# Notebook - Workstation ?!



## Azazel (10. August 2005)

Hi,
würde mich freuen wenn man mir hier weiterhelfen kann. 

Erstmal stellt sich mir die Frage braucht man fürs Studium ein Notebook 
oder bietet es sich an eine Workstation anzuschaffen? (für den Grafikbereich sowohl 2D, als auch 3D) In diesem Bereich ist die Leistung bedeutend, denke ich. 

Ein Notebook ermöglicht Mobilität, ist aber auch teurer. Hab mir da mal das MJ-12m 7700 Notebook von Alienware angeschaut. 

Im Vergleich mal die MJ-12 5500 Workstation. 

Zu was würdet Ihr tendieren? Oder ist die Idee mit der Workstatin Schwachsinn oder setz ich von der Leistung her schon falsch an?


----------



## Obba (14. August 2005)

Hi,

Du solltest die Entscheidung für ein Laptop nur von 2 Umständen abhängig machen.
Mobilität und Platzersparnis.
Die modernen Laptops sind in der Leistung zwar den Workstations mittlerweile sehr nah gekommen, jedoch haben sie noch immer ihre Nachteile. Der Grafikchip ist bei Laptops immer "Onboard" - heisst, wenn Du in ein - zwei Jahren mal ein modernes Grafiklastiges 3D Programm kaufst, was die zu der Zeit auf dem Markt erhältlilche Hardware nutzen will um 100% Leistung zu bringen, bist Du mit einer Onboardversion "Nase" , da nicht austauschbar. Jegliche, wenn überhaupt mögliche Nachrüstung oder Erweiterung von Hardware im Laptop, ist fast immer kostenintensiver als bei einer Workstation 
Wenn Dir ein Laptop für Unterwegs als "Schreibmaschine" oder für andere Officeanwendungen dienen soll bzw. reicht, würde ich mir eine ordentliche Workstation für zu Hause kaufen und ein gebrauchtes Laptop beim Händler (immer Händler wegen Garantie)...


----------



## Andreas Späth (14. August 2005)

Obba hat gesagt.:
			
		

> Die modernen Laptops sind in der Leistung zwar den Workstations mittlerweile sehr nah gekommen, jedoch haben sie noch immer ihre Nachteile. Der Grafikchip ist bei Laptops immer "Onboard"


 
Falsch, bei Alienware Notebooks ist die Grafikkarte meistens herausnehmbar ( ich glaube es irgendwo eins gesehen zu haben ohne dieses Feature ) , durch den von Ati entwickelten Wechselslot für Notebooks.
Die Karten können später problemlos durch neue ersetzt werden welche Alienware zum Kauf anbietet, da der Standart auch von nVidia akzeptiert wurde ist auch ein Wechsel zwischen den Herstellern kein Problem.

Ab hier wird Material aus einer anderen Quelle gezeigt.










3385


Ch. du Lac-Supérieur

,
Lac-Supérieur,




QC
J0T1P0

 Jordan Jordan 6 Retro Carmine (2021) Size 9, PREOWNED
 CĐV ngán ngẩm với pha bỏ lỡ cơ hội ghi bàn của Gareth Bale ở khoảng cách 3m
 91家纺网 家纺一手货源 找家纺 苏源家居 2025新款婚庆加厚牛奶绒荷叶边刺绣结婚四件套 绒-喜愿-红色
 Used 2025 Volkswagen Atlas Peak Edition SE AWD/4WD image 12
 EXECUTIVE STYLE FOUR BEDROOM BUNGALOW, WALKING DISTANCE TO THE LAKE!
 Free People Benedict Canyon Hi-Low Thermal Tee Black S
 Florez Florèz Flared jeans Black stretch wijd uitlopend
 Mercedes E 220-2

Notebooks stehen von demher heute Desktops in nichts mehr nach, Ram, Festplatte, CD Laufwerk sind sowieso recht einfach Tauschbar, bei vielen auch die CPU ( letzteres sollte man trotzdem dem Händler überlassen )


Edit: Auser für Server benutze ich nurnoch Notebooks, so kann im Wohnzimmer oder sonstwo sitzen, wobei bei mir der Akku nichtmehr im Gerät ist, da ich sowieso nur das Netzteil verwende schone ich den lieber, denn der geht durch die Hitze beim betriebt langsam aber sicher kaputt.


----------



## Grimreaper (15. August 2005)

Was willst du überhaupt studieren? Wenn du Jura anfängst, dann reicht jedes Notebook, für Informatik eigentlich auch. Wenn du Maschinenbau studierst und die CAD Zeichnungen nicht im Rechnerpool machen willst, dann brauchst schon eher was leistungsfähiges. Wobei du dir dann natürlich ne Lizenz für die Software besorgen müsstest, nur das du das nicht außer Acht lässt 


@DJ Teac
Auch falsch. Der Graphikchip ist bei Alienware zwar herausnehmbar (ich glaub bei nVidia heißt der Chipsatz MXM) was theoretisch upgrades ermöglicht, aber das ist nicht hauptsächlich als Upgradelösung gedacht, sondern nur um Herstellung und Reparaturen zu vereinfachen. In nächster Zeit wird man wohl kaum Notebook-Graphikchips einzeln erwerben können.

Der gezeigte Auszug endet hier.